AIM OF THE EXERCISE: In your copy, include every line of the listing below exactly but none of the pictures.

PROVIDED DATA:
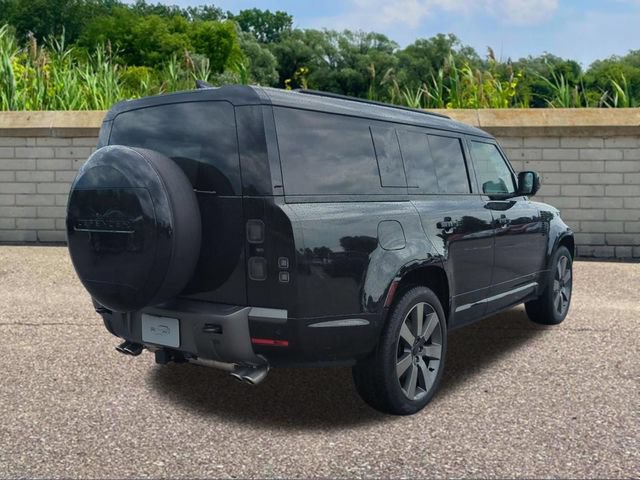 New 2026 Land Rover Defender 130 V8 AWD/4WD image 4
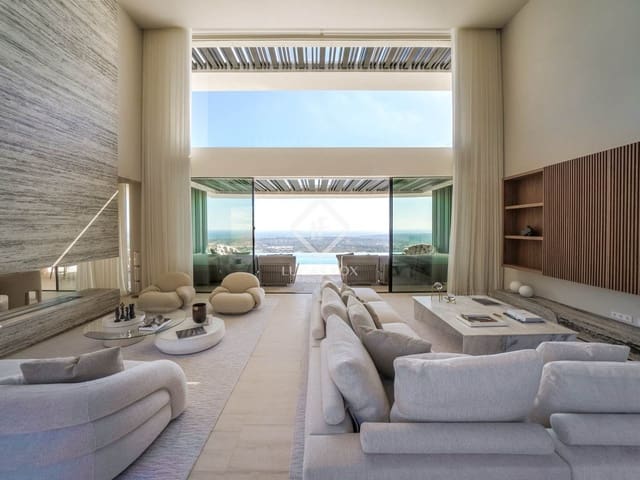 5 slaapkamer Villa te koop in Sotogrande, San Roque met zwembad - € 8.900.000 (Ref: 9199782)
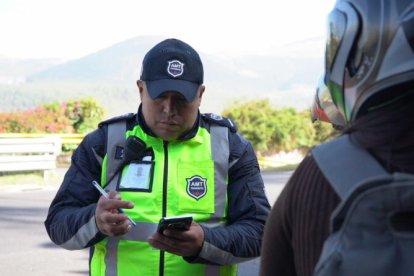 Conoce cómo rige el pico y placa en Quito.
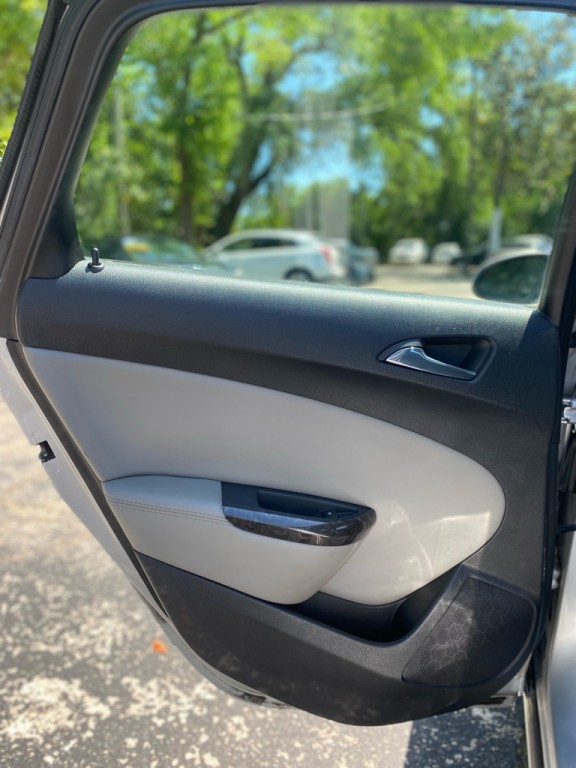 2014 Buick Verano Image 15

WRITTEN RESPONSE:
 New 2026 Land Rover Defender 130 V8 AWD/4WD image 4
 5 slaapkamer Villa te koop in Sotogrande, San Roque met zwembad - € 8.900.000 (Ref: 9199782)
 Conoce cómo rige el pico y placa en Quito.
 2014 Buick Verano Image 15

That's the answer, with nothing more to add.